Austin set  by the balcony looking outside he never thought he will come back home, especially coming back under these conditions he was the middle child surrounded by girls, and the only man he looked up to did not accept him the way he was, 

He so wanted to cry to say sorry...to say why? To turn back the hands of time at some point he found himself saying  This is not how the story was supposed to end, his parents are dead and before he could make a manse with them, just the thought of that made him mad.

Because of anger and the mistake he made his heart started to pump so hard that something crack in his hand he looked at his hand and realized that  he was holding a glass of juice,  the glass on his hand felt like a stress ball and after he  squeezed so hard that it shattered in his hand 

" Fuck " he screamed, alarming Nkosi who just finished dressing up, 

Nkosi: " ooh my God you bleeding " 

Austin: "I'm fine " 

Nkosi: " let me get a towel ... what happened? " 

Austin just sigh and made his way to the sink to rinse his hand, Nkosi being a forever caregiver in his life understood him and how he can go from zero to hundred with his moods in a split second his family was his dark side of his life that he capt buried in his cold heart, Nkosi believed that he is this cold man he is today because of his family.

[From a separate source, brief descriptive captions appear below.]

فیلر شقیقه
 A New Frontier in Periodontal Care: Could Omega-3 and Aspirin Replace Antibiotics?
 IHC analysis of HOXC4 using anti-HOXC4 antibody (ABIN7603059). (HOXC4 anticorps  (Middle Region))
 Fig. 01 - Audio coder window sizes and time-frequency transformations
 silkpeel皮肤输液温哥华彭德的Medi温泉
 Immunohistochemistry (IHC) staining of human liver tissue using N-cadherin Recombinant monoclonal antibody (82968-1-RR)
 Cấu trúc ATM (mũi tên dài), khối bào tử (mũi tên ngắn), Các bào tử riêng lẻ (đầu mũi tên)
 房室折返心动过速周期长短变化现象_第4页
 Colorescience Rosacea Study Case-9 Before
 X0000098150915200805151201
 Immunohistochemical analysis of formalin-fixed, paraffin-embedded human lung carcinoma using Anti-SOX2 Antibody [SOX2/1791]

Nkosi: " you know If your mind is always filled with things that happened years ago, you going to have a heart attack"
Austin: I'm fine...are you ready to go ?"
Nkosi took his hand and started rubbing it with an anticipative " you’re not giving your mind a chance to be filled with what will help you have a better future and how you suppose to deal with your pain. " 

Austine: "I have you as my future when I'm with you I don't feel the pain"
Nkosi smiled it how he  always managed to melt his heart that has made their relationship this strong, this was not about  "I love you "  kind of relationship, it was more of belonging 

Nkosi: I know but what about the present moment? can you just stop living in the past and keep beating yourself up over past decisions, regret, and anger...

Austine: " if only it was that easy, Nkosi you the only man that ever love me for who I am, the man who played a part in bringing me into this world tried so hard to change me and turned me into this busted I am today"  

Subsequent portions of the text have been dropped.